What comes across, above all else, is her fervent and almost hopeless love for ‘good literature’. She says, ‘It’s like this huge crush or like falling in love, over and over again.’ And it is these visceral and all-too-real feelings that she harbours for the books that fuel her seemingly never-ending source of energy when she runs a publishing house like Zulma—in existence since 1991, in France.
Laure is quick to talk about her mistakes, forthcoming about her failures and extremely humble narrating her innumerable success stories. To us, she came across as an unassuming, warm French lady whose eyes would light up through her sea-green rimmed glasses each time she spoke of a manuscript she had discovered, almost lost in the many that find their way to Zulma.
She went on to talk about how she receives hundreds of manuscripts on her desk these days—but the small team at the publishing house doesn’t publish more than twelve books a year. It is something they learned after trying to publish every book that excited them, which meant some years they were publishing more than 50 books, a Herculean task for a team of six people. They are also keenly aware of what kind of books they want to publish—French translations of exciting world literature as well as original French literature.

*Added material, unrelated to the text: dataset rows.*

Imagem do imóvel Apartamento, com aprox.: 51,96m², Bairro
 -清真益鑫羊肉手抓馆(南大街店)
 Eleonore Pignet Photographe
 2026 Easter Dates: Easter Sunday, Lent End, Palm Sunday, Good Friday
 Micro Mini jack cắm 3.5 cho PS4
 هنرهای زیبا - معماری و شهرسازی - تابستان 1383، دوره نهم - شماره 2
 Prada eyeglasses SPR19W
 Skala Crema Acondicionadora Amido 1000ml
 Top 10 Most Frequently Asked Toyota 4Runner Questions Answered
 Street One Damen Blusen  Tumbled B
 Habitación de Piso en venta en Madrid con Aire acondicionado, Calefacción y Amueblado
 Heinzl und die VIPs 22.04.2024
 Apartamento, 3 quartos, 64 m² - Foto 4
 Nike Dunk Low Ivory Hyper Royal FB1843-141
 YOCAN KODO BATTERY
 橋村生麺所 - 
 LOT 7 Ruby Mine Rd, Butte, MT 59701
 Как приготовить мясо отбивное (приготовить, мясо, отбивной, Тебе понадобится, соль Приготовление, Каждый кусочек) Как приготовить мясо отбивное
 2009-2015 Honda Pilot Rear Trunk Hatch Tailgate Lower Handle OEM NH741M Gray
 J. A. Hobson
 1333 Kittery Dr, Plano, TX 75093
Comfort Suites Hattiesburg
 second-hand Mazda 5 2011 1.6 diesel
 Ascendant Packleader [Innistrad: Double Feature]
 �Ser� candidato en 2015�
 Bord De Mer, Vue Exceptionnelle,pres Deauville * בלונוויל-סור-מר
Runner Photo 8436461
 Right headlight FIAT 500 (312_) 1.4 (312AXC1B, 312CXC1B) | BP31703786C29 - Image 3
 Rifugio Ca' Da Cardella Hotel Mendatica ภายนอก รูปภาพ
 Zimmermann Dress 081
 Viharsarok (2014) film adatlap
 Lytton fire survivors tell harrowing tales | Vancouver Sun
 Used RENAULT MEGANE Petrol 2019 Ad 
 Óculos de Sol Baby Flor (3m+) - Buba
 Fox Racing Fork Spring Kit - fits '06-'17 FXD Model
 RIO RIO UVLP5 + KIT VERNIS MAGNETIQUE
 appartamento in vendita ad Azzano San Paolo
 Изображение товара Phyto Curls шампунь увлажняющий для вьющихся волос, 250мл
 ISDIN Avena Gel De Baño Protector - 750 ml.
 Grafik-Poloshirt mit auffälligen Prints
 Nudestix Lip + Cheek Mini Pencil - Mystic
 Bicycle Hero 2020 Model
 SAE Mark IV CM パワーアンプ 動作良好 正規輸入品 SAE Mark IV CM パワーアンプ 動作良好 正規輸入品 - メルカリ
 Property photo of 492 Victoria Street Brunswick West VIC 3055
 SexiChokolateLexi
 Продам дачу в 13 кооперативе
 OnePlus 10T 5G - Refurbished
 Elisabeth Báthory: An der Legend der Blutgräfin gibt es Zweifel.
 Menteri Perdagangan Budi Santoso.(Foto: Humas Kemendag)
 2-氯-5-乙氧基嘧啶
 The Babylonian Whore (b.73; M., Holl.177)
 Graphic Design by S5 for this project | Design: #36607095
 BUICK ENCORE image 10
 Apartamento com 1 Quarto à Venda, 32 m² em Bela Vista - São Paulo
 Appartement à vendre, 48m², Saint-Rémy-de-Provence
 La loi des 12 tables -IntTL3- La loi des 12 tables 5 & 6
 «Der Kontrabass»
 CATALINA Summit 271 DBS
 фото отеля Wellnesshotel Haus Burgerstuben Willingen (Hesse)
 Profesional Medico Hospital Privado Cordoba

Over the course of two days, the conversation with Laure Leroy swept fluidly across various subjects—entrepreneurship, willingness to take risks, aesthetics, the many joys of reading, book cover design, list building and more. Two of them particularly appealed to the editor in me, and I’ll just summarize what must have been two hours of discussion.
As newbie editors, I think it’s quite easy to feel high and mighty when you’re wielding the red pen, ready to slash open someone else’s work, leaving a slash here, a poke there. Laure constantly reminded us that the job of an editor—first and foremost—is to preserve the voice of the author. The author is the artist. ‘Ask the author what his/her book is about. Keep the conversation going at all times,’ she said. As editors, we urged to understand the logic of the flow of the book. Everything in the book is useful to the telling of the story; how it is arranged and presented is what ultimately makes or breaks a book—and that’s where the editor steps in. ‘All the reading you’ll ever do is preparing you to become an editor—read more, ever more.’
The French love their minimalist and repetitive book covers. And while Zulma sticks to a strict code of design, compare it to their competitors and colleagues in the French publishing world, and you’ll find that their books are a riot of dazzling colours and patterns (thanks to their go-to designer David Pearson), and will stand out on any bookshelf, France or anywhere else. Zulma covers do a little more than just managing to tease you with very little information about the book, in effect letting the book and its blurb do the actual talking, while gently drawing the reader in; the covers must at the same time scream ‘Zulma’, and stand out as individual entities. French and world authors get similar covers, thereby indicating that literature is one, no matter where it comes from.
Having Laure over at the Seagull School of Publishing was nothing short of a morale boost that most of us probably needed, just when we were beginning to dread the uphill ride that’s in store for us as we begin our editing careers. ‘Nothing comes to you if you don’t give it a good fight,’ she said. And fight, we will.